Astronomers lined up under an asteroid's shadow to measure its size precisely

Astronomers will go to great lengths for science. Recently, dozens of astronomers had the misfortune of traveling to one of the most tempting locales in the southwestern U.S.—Las Vegas. But they weren't there for the city's bright lights—they were there to observe the very dim light of a star thousands of light-years away. And what they specifically wanted to see was the light from that star blink out for a few seconds. That lack of light provided the exact data they needed to help them determine the size of Eurybates, one of the Trojan asteroids that will be the focal point of NASA's Lucy mission.

What the scientists were looking for was an occultation. Most people know the most common form of this phenomenon—an eclipse. But occultations can happen with any background star and can be caused by any foreground object. Calculating where these minor occultations of stars by asteroids will occur takes a significant amount of orbital mechanics and processing power. The Earth itself has to be aligned correctly, and the asteroids and stars have to line up just right and be big enough.

If an asteroid is big enough, it will cause the equivalent of a shadow in the star's light, which can be used as a proxy measurement for its size. The shadow Eurybates caused was approximately 64 km (40 mi) wide, but scientists didn't know its precise dimensions. So they set up observational sites around the perimeter of the shadow as it crossed over the Nevadan desert and measured the amount of time the star was obscured.

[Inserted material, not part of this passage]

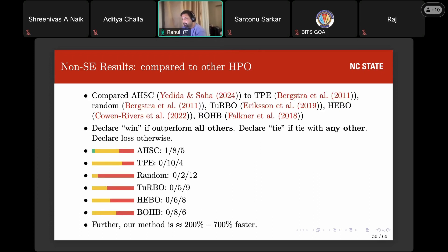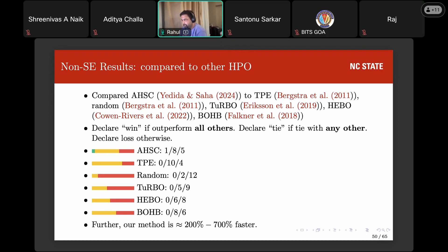We also compared on non-SE datasets against five HPO methods: TPE, random search, Turbo, Hibo, and BOHP. Turbo builds a smaller surrogate model to predict configuration performance and was the second fastest after our method. We declare a win if outperforming all other algorithms, and a tie if matching any. While most algorithms tie most of the time, we do have one win on the wine dataset, and we remain competitive throughout.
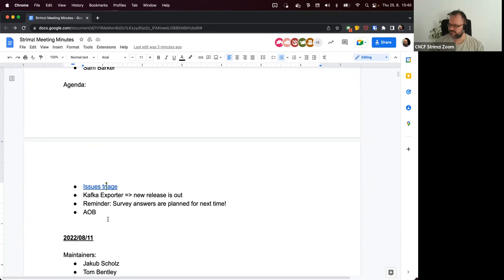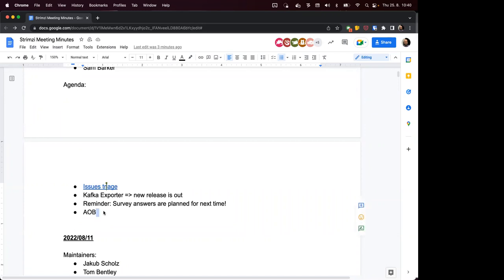Does anyone have any other business, anything else to discuss? If not then thanks a lot for coming, very good attendance today and see you next time.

On October 20, dozens of scientists spread out in a pattern to catch as much of the occultation as possible and use this observational data to calculate the true size of Eurybates, which is one of the targets of the Lucy mission to the Trojan asteroids. As with all science, it's never as easy as it sounds.

Despite taking place in a desert, clouds almost obscured the entire occultation, making it impossible to collect the data needed to find the true scope of the asteroid. Just to make the calculations even more complicated, Hubble found a moon orbiting Eurybates that could confuse the data if it were not ideally positioned out of the way during the occultation.

Luckily the stars (and asteroids, and clouds) aligned, and the scientists were able to collect the data necessary to constrain the size of Eurybates better. That updated estimate should also allow astronomers to better estimate the size of Lucy's other targets. This also won't be the only occultation the Lucy team will observe—they'll be traveling, most likely to much less hospitable places than Las Vegas, until Lucy's last flyby of Patroclus, another Trojan asteroid, in 2033.